Malware Detection Using Features from Static Disassembly

ABSTRACT

Machine learning has emerged as an important tool for malware detection and classification, with the potential to generalize to previously unseen malware that can evade traditional signature based techniques. However, many existing machine learning approaches for malware detection rely primarily on inexpensive parsing-based features, or on limited static or dynamic analyses, which may fail to capture deeper structural and semantic characteristics of malicious binaries. As malware continues to evolve to evade detection, there is a need for richer feature representations that reflect program behavior and structure while remaining scalable to large datasets.

In this talk, we describe GrammaTech’s work on malware detection using sophisticated features extracted at scale from static disassembly of PE32 Windows binaries. We show that by incorporating features derived from static disassembly using GrammaTech's state-of-the-art
disassembler DDisasm¹, in conjunction with features based on binary parsing and capability labeling using Mandiant's CAPA², we can substantially improve malware classification accuracy and robustness. By extracting detailed control-flow, instruction-level, and semantic patterns from binaries, we can detect characteristics of binaries that generalize well across datasets, helping ensure the models remain effective against new threats.

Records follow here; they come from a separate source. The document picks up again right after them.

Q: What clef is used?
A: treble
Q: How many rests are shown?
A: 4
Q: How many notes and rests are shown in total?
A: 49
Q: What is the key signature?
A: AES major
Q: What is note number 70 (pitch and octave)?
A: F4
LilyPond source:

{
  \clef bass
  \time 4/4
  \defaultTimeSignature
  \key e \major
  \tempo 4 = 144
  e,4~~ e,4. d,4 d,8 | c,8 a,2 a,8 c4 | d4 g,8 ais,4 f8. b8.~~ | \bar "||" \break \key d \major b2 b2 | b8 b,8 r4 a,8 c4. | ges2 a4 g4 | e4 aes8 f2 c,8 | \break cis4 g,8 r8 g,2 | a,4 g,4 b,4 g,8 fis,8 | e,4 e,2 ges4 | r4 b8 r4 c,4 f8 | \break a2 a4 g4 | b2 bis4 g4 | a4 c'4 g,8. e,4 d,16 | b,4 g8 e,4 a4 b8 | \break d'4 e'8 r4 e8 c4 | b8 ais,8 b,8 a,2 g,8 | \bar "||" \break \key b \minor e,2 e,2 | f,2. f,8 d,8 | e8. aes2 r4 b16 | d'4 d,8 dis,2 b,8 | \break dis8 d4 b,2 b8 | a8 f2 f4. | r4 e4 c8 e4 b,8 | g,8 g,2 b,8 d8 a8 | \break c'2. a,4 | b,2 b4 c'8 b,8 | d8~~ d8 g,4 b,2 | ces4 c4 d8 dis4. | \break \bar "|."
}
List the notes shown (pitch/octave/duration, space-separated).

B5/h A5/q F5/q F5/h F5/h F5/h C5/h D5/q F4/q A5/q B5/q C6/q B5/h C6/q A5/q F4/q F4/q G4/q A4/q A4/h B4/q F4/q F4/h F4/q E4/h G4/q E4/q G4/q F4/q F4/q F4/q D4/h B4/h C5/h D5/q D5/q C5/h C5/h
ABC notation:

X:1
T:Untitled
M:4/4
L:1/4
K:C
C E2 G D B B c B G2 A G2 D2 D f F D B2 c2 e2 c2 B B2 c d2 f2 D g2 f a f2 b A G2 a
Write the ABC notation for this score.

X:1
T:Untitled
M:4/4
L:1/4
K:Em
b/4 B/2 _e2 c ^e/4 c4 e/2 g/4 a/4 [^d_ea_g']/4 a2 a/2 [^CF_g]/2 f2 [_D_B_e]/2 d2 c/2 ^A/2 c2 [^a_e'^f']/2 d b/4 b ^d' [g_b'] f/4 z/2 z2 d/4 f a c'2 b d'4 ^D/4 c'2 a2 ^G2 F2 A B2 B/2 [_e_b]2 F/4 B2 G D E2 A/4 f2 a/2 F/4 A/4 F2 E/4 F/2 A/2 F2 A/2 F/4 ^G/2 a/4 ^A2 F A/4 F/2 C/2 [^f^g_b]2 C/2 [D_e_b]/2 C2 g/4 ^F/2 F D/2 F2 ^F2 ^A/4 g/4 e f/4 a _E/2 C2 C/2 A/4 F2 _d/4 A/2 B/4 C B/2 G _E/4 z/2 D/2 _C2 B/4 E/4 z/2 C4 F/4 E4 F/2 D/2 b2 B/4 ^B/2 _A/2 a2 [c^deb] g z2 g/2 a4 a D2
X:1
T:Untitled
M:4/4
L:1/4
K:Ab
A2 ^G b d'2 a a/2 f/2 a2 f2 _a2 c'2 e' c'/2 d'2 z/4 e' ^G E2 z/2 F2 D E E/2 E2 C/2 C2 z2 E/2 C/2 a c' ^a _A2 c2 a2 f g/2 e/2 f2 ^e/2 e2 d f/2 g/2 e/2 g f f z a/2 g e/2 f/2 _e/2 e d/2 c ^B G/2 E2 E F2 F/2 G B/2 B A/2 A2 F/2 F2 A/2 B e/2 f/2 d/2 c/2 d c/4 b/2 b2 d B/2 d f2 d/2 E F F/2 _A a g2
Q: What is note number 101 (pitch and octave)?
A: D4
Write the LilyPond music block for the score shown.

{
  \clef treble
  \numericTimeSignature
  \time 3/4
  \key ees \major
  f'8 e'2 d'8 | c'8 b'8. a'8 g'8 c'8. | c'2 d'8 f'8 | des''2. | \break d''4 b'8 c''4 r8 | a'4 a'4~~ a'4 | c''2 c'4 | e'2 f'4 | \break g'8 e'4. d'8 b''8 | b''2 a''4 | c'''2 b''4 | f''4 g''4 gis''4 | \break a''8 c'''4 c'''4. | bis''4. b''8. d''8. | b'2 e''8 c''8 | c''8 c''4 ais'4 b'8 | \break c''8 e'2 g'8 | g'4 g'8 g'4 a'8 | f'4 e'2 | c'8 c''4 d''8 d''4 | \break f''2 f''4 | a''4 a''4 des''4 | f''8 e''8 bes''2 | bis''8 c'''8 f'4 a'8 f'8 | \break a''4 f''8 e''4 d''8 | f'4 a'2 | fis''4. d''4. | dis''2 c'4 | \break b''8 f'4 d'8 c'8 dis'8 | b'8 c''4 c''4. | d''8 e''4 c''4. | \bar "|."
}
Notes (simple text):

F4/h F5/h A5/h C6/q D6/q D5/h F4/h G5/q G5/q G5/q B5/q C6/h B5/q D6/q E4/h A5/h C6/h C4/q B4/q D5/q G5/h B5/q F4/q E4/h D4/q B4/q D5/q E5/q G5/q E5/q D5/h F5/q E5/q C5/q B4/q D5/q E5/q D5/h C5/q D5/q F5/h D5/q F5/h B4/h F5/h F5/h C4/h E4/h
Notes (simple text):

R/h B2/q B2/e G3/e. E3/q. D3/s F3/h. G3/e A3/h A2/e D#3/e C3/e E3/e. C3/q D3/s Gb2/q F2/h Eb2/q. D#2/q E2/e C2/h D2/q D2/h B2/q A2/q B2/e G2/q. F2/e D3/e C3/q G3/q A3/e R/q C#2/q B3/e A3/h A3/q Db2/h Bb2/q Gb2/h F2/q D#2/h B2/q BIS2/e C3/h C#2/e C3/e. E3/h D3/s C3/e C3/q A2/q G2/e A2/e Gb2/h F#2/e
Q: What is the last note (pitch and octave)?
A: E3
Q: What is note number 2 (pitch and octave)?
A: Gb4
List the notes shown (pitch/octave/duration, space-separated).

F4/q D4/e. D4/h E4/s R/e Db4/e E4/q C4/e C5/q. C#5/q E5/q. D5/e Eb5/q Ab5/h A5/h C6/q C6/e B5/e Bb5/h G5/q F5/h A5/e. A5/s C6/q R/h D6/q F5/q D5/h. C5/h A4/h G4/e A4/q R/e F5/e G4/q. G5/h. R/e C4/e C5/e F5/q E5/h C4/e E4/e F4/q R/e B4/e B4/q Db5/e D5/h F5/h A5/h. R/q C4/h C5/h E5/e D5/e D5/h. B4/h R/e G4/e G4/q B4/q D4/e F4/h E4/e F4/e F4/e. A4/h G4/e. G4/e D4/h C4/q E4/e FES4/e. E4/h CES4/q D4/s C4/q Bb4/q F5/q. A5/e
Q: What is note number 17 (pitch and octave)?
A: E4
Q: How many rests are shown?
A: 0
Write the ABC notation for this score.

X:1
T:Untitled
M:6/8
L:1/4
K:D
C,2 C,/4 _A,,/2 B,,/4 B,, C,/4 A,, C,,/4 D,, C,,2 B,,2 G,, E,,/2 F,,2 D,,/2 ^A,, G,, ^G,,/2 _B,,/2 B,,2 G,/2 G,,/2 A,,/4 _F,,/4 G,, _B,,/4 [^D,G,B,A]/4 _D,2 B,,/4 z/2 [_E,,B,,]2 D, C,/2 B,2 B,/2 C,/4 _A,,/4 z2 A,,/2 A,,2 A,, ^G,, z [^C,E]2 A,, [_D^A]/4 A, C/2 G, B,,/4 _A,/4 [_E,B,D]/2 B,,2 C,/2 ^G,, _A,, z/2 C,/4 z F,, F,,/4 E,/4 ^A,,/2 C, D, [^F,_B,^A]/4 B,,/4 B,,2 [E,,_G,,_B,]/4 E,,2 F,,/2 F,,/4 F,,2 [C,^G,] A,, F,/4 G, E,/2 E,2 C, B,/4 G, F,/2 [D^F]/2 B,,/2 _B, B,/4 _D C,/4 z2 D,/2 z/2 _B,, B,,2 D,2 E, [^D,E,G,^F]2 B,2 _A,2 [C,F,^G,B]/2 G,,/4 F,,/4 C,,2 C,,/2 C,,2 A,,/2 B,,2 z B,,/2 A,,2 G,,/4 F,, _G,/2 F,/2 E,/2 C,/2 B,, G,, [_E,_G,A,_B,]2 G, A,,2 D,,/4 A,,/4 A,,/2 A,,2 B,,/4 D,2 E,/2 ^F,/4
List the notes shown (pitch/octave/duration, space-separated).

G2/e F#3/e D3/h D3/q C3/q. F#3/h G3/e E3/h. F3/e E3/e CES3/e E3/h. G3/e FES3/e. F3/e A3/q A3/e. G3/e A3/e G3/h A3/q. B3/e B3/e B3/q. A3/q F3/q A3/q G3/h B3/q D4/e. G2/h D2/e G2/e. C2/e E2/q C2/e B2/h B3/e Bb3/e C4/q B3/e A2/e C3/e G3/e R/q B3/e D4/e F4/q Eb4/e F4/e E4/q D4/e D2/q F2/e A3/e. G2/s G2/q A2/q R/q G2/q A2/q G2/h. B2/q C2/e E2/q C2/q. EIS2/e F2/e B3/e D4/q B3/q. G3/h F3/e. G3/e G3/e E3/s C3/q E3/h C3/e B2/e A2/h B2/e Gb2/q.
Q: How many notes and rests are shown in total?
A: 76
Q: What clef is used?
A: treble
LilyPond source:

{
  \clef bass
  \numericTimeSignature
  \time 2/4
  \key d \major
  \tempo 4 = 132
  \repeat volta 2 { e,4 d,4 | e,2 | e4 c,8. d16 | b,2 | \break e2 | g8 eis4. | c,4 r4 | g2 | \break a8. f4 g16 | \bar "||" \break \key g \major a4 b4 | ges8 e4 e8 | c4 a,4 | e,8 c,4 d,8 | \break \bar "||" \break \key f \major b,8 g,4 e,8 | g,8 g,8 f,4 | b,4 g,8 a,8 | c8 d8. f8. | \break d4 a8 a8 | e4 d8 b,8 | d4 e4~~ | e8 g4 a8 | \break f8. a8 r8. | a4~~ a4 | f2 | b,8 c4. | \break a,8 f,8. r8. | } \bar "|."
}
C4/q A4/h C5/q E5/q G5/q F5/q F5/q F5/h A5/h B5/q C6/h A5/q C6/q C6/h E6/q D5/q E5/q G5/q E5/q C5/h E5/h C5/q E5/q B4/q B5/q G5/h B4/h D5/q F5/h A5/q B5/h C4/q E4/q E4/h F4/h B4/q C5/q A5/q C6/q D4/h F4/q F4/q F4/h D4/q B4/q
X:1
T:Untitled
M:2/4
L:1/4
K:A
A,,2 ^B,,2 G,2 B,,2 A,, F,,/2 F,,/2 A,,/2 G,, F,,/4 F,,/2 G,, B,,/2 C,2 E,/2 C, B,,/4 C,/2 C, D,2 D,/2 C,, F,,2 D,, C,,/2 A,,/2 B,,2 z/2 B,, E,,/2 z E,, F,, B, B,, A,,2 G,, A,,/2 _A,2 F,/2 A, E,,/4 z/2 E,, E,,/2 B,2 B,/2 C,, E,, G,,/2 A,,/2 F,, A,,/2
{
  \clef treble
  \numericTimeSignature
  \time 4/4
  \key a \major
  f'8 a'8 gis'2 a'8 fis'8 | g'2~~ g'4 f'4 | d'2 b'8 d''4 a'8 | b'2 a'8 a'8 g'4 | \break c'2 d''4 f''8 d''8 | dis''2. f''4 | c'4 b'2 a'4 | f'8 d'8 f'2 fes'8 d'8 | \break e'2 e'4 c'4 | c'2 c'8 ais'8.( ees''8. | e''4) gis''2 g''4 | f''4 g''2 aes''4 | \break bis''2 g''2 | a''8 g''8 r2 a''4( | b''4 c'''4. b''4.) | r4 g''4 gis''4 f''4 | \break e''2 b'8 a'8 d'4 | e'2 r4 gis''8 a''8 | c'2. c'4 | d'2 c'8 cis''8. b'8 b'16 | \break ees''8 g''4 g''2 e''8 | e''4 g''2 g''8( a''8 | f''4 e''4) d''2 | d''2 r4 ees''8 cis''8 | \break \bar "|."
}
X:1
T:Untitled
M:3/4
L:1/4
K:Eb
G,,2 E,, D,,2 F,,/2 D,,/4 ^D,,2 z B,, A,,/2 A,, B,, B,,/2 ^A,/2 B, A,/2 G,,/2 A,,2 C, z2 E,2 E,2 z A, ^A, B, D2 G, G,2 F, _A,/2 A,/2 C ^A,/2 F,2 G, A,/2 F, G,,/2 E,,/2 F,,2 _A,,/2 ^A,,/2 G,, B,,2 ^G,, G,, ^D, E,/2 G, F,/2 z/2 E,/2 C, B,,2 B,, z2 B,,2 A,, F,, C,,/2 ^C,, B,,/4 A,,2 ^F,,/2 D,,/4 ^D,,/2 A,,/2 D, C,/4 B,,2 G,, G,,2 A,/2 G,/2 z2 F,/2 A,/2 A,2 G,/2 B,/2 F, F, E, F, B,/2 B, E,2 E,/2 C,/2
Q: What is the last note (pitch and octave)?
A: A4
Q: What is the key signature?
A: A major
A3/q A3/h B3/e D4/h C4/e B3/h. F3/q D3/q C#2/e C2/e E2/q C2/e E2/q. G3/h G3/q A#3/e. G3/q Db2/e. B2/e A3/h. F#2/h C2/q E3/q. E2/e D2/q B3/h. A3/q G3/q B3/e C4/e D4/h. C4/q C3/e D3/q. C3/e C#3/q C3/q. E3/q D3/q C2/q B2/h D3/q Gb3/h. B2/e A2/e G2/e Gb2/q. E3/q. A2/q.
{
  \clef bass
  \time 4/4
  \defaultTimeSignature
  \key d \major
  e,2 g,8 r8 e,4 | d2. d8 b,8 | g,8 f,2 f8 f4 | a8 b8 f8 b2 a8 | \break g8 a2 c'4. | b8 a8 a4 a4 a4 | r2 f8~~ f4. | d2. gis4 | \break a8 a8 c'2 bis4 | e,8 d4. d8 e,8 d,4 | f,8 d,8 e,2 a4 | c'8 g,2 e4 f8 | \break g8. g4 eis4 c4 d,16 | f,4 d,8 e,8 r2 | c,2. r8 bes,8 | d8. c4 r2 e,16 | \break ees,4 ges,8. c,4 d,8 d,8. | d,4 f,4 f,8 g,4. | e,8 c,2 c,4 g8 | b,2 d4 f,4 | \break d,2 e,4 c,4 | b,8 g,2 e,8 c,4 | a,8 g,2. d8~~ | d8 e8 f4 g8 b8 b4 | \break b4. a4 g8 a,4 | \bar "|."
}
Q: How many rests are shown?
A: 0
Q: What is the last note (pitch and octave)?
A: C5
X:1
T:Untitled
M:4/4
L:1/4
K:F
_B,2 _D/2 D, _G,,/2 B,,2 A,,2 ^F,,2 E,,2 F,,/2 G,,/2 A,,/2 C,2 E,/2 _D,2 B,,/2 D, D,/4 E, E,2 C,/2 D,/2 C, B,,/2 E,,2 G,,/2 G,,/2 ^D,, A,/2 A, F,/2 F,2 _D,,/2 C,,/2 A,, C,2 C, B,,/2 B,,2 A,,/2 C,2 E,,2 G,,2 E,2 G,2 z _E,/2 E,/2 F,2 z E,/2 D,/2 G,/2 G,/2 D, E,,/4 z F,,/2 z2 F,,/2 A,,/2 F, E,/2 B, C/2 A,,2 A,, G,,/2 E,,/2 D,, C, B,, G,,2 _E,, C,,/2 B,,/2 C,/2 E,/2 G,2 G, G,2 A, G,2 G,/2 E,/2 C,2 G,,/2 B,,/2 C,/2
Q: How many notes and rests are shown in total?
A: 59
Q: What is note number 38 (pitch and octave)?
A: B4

We also perform feature importance analysis of trained malware detection models to generate insights into salient features for classifying and analyzing malware. Our findings indicate that disassembly-based features provide signals that are complementary to traditional parsing-based features. These features can improve the robustness of models across binary datasets from different sources and time periods, reducing overfitting and maintaining high detection rates against previously unseen threats. In addition, we can achieve near-peak performance with a relatively small subset of informative features, suggesting a practical path toward efficient deployment.

Our research demonstrates how machine learning can be combined with rigorous static program analysis to augment malware detection capabilities and generate insights for malware experts. The results suggest that static disassembly-based features can play a meaningful role in improving the robustness, interpretability, and scalability of AI-assisted malware detection systems within high confidence software and security workflows.

¹Flores-Montoya, A., & Schulte, E. (2020). Datalog disassembly. In 29th USENIX Security Symposium (USENIX Security 20) (pp. 1075-1092).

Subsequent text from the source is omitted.